## Source data
----

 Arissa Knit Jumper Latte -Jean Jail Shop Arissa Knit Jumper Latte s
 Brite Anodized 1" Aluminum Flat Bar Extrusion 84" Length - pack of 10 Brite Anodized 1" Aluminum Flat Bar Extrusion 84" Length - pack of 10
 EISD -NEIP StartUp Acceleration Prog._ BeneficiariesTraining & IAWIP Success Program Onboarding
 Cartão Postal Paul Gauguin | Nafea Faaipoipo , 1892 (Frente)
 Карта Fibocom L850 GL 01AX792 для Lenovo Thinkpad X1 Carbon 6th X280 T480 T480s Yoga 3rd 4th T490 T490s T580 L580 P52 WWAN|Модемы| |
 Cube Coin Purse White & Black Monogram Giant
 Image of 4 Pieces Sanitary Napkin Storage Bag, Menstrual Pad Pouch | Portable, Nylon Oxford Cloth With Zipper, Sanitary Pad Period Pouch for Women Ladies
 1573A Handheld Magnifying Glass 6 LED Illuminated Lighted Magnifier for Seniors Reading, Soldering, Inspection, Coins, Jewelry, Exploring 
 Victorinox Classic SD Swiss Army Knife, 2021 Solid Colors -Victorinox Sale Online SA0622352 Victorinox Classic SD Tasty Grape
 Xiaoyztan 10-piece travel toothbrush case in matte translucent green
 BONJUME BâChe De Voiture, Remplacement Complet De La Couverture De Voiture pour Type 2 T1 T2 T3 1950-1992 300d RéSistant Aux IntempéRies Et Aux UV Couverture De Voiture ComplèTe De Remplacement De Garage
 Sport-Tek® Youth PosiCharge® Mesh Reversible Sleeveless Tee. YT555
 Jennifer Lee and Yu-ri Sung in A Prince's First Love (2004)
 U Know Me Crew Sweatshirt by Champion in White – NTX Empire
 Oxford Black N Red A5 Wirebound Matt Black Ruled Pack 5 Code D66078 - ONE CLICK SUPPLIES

----

## Your task
With the line containing "U Know Me Crew" as the first and the last line of the records as the final one, print exactly the lines in that span.

## Task result
 U Know Me Crew Sweatshirt by Champion in White – NTX Empire
 Oxford Black N Red A5 Wirebound Matt Black Ruled Pack 5 Code D66078 - ONE CLICK SUPPLIES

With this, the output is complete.